BEGIN Records supplied
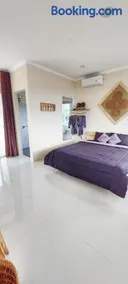 Summerfield Homestay and Cafe - Image 1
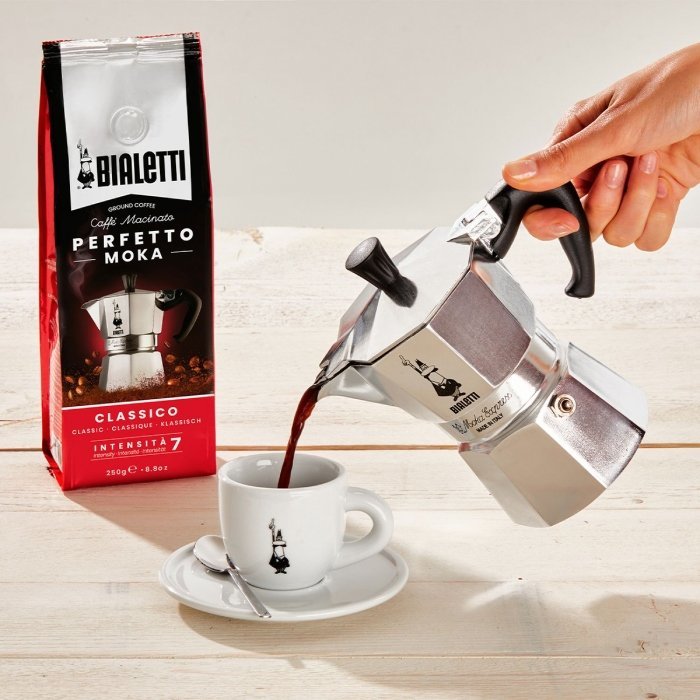 Bialetti Zestaw Moka Express 6tz + kawa Perfetto Moka Classico 250g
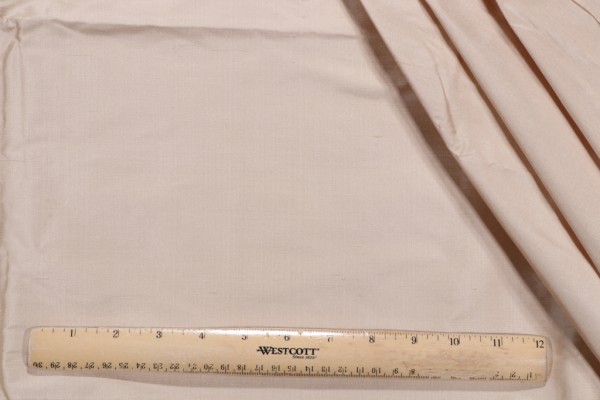 Amelia Silk Decorator Fabric in Vanilla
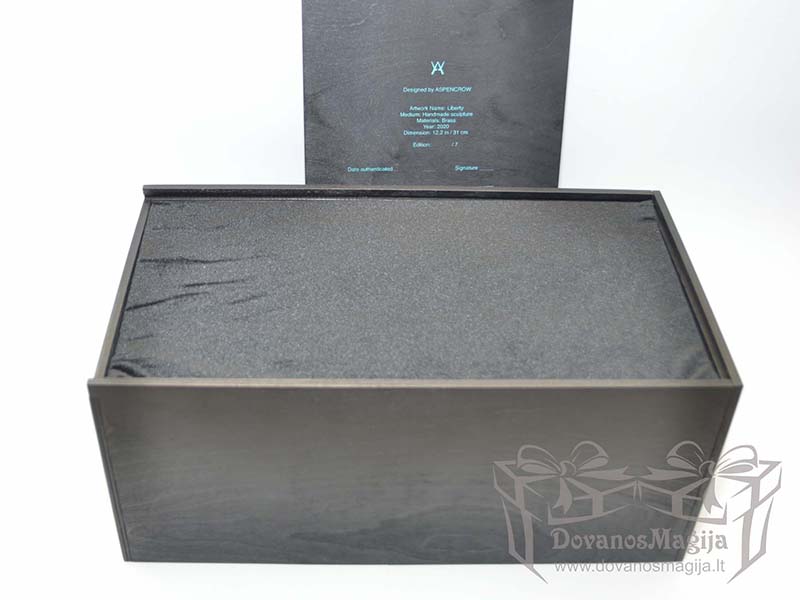 Medinė dėžutė statulėlei su indeklu 37x20xh20cm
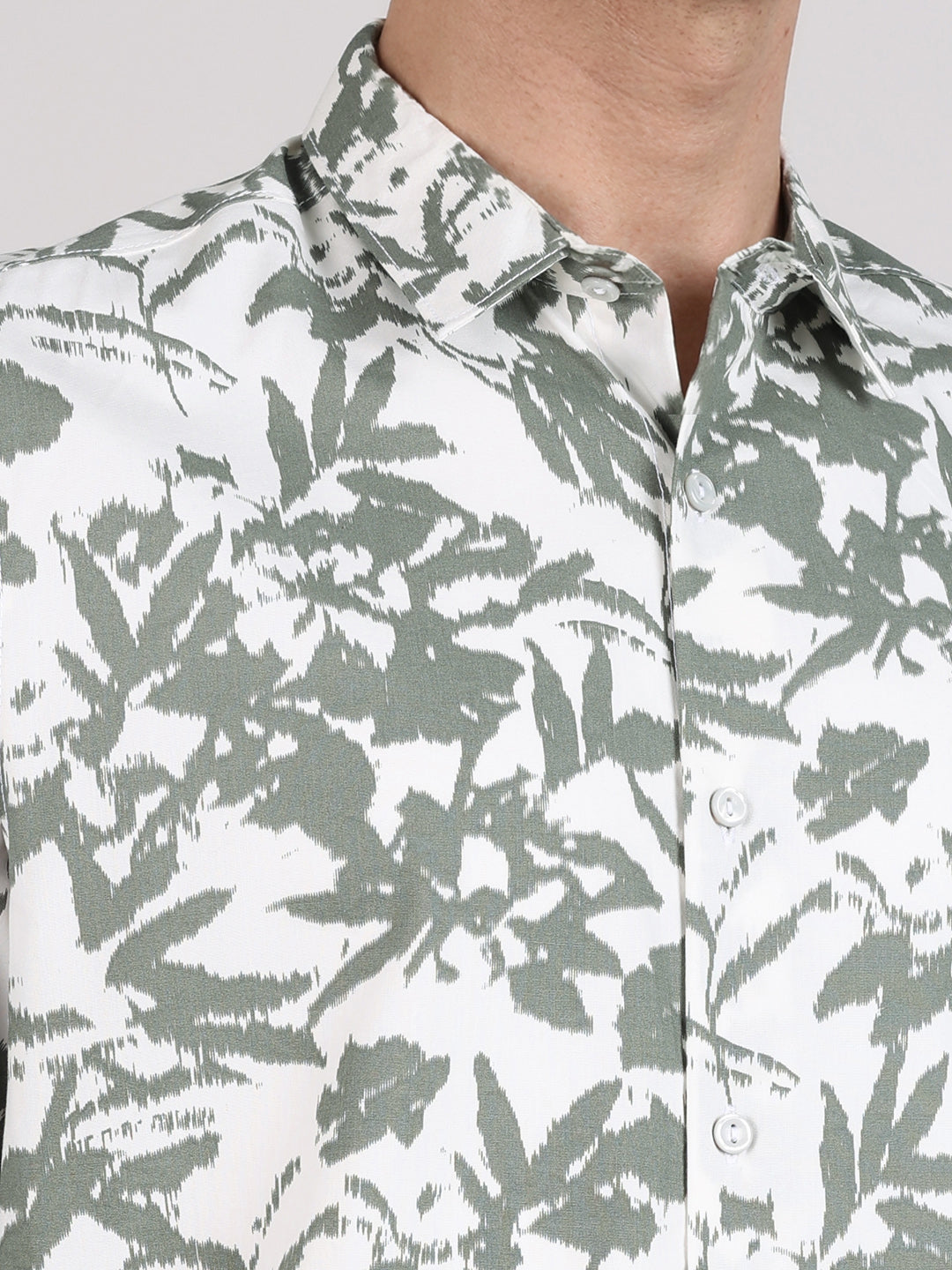 Men's Green Slim Fit Printed Casual Shirts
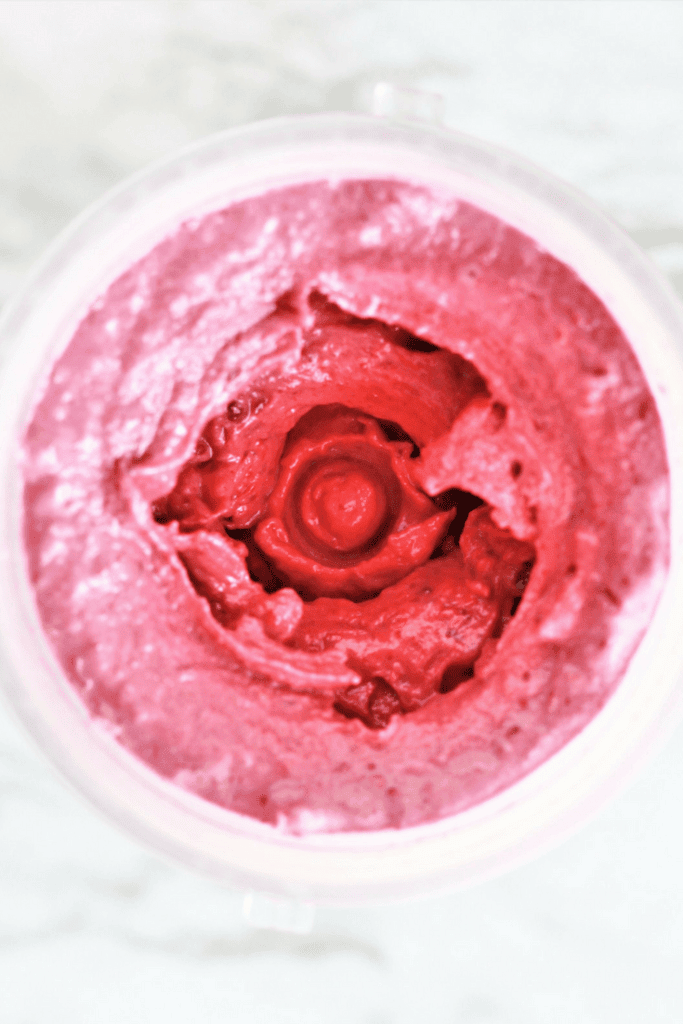 Vegan Raspbery Almond Butter Smoothie Bowl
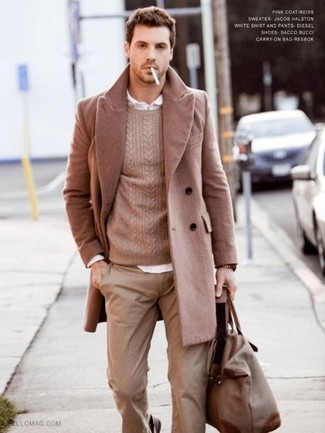 Сочетание вязаного свитера и светло-коричневых брюк чинос поможет реализовать в твоем образе классический мужской стиль.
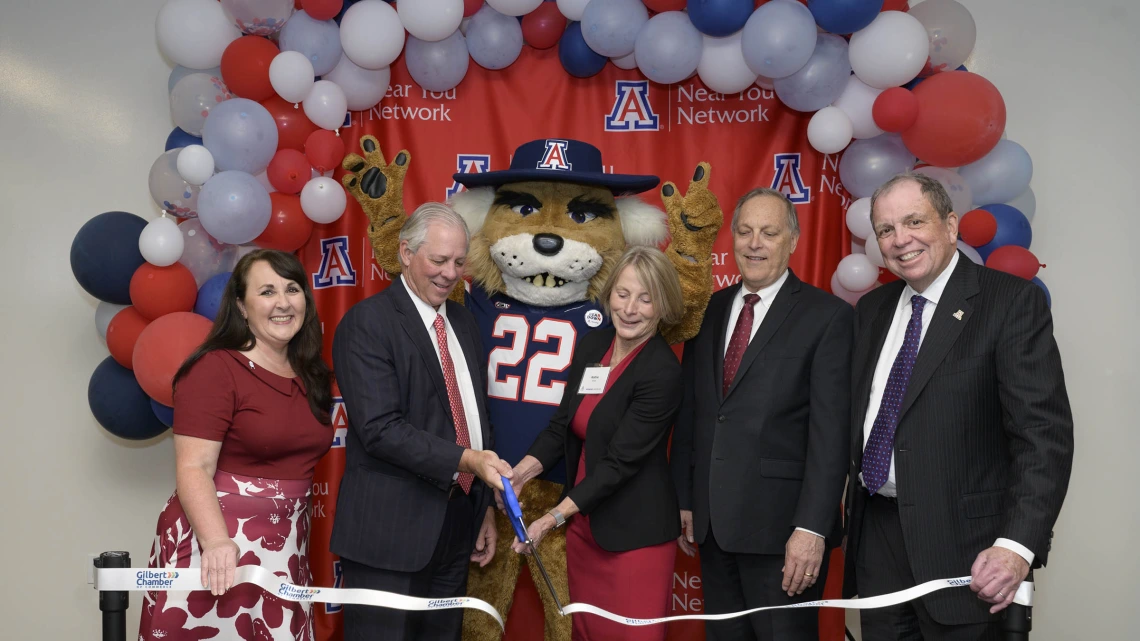 (From left) Gilbert Mayor Brigette Peterson, University of Arizona President Robert C. Robbins, MD, Wilbur Wildcat, Kathleen Insel, PhD, interim dean of the UArizona College of Nursing, Rep. Andy Biggs and University of Arizona Health Sciences Senior Vice President Michael D. Dake, MD, cut the ceremonial ribbon for the new and renovated College of Nursing facilities in Gilbert, Arizona.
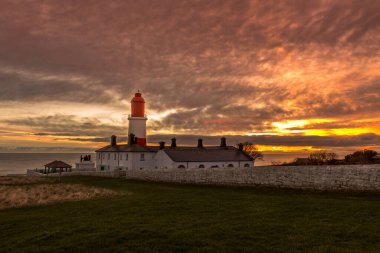 Kırmızı ve beyaz çizgili, 23 metre boyunda, Souter Lighthouse ve Leas in Marsden, South Shields, İngiltere, güneş doğarken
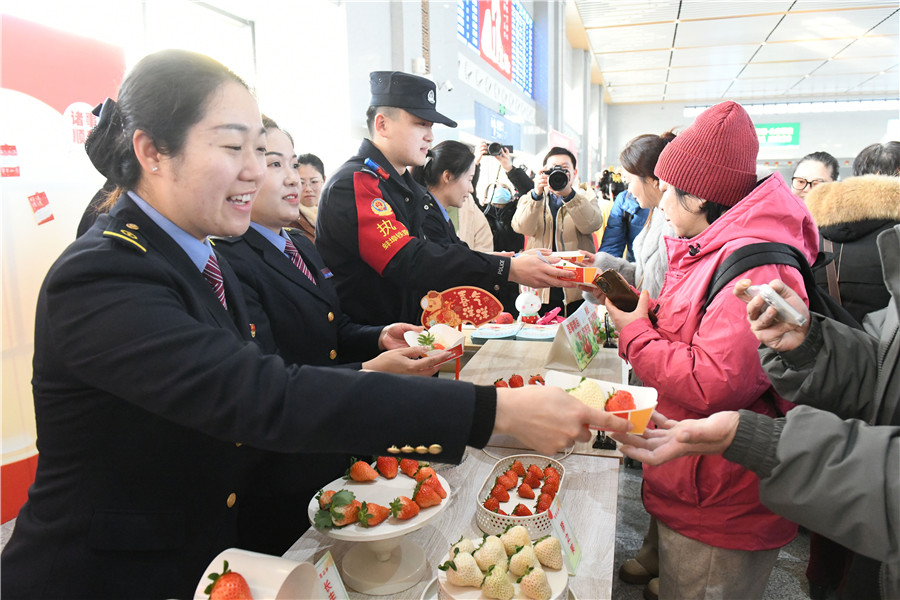 安徽淮南南站，铁路职工为候车旅客送上地方特产草莓。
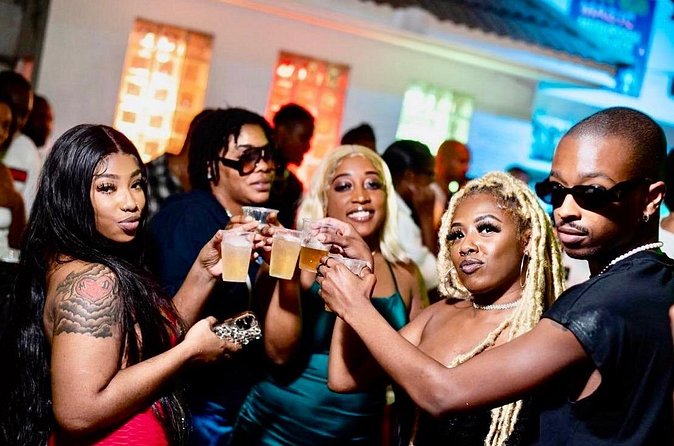 Nightlife in Montego Bay| Lounge 27/27, , Pier 1 - Service Level That Shows Up Late at Night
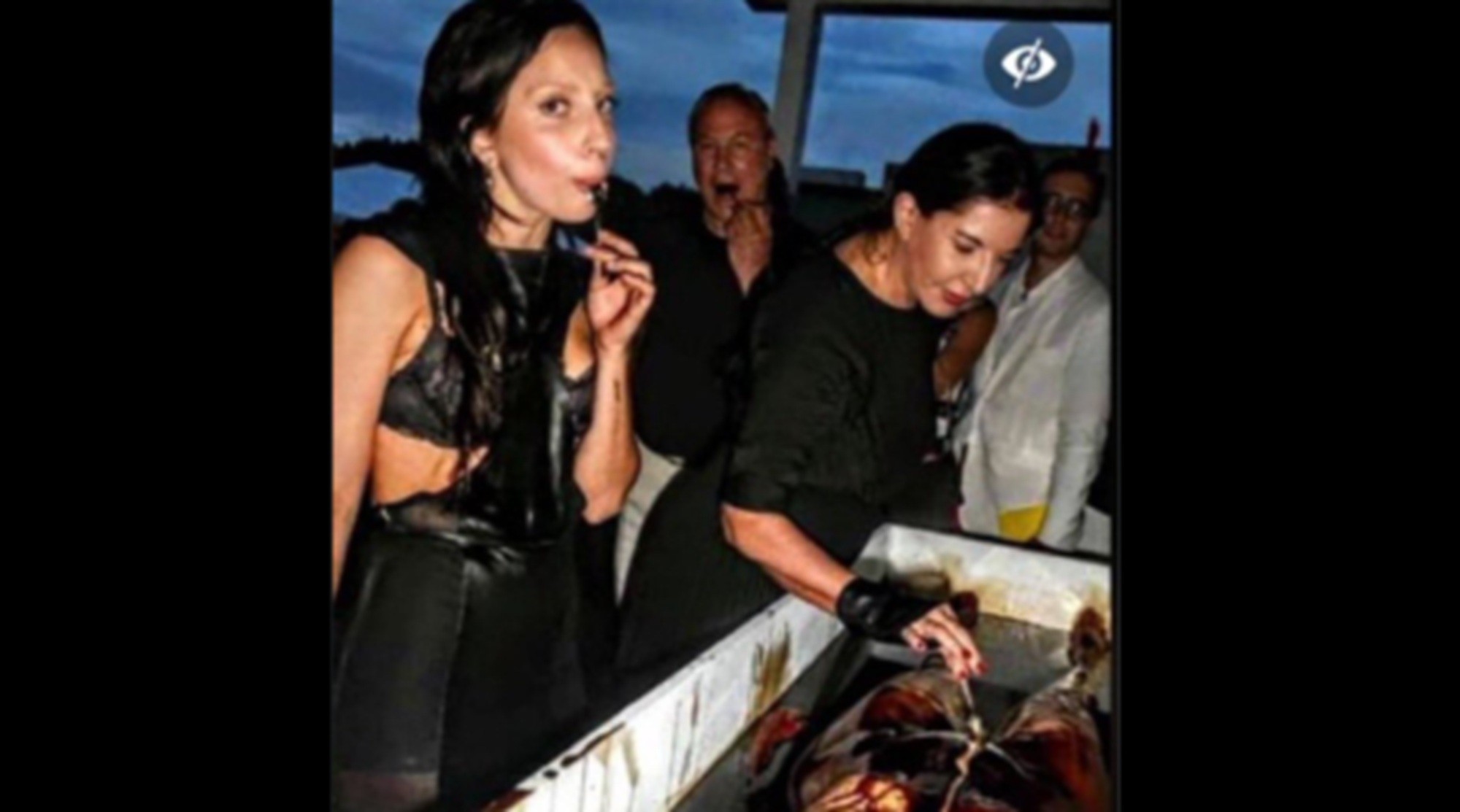 É #FAKE que foto mostre Lady Gaga comendo carne humana em ilha de Epstein; registro exibe interação da cantora com obra de arte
END Records supplied
▶ [What this task involves]: Write out exactly, please, the lines that start at the one containing "Vegan Raspbery Almond Butter Smoothie Bowl" and run through the final line of the entries, both included, leaving pictures out.

▶ [Response to the task]:
 Vegan Raspbery Almond Butter Smoothie Bowl
 Сочетание вязаного свитера и светло-коричневых брюк чинос поможет реализовать в твоем образе классический мужской стиль.
 (From left) Gilbert Mayor Brigette Peterson, University of Arizona President Robert C. Robbins, MD, Wilbur Wildcat, Kathleen Insel, PhD, interim dean of the UArizona College of Nursing, Rep. Andy Biggs and University of Arizona Health Sciences Senior Vice President Michael D. Dake, MD, cut the ceremonial ribbon for the new and renovated College of Nursing facilities in Gilbert, Arizona.
 Kırmızı ve beyaz çizgili, 23 metre boyunda, Souter Lighthouse ve Leas in Marsden, South Shields, İngiltere, güneş doğarken
 安徽淮南南站，铁路职工为候车旅客送上地方特产草莓。
 Nightlife in Montego Bay| Lounge 27/27, , Pier 1 - Service Level That Shows Up Late at Night
 É #FAKE que foto mostre Lady Gaga comendo carne humana em ilha de Epstein; registro exibe interação da cantora com obra de arte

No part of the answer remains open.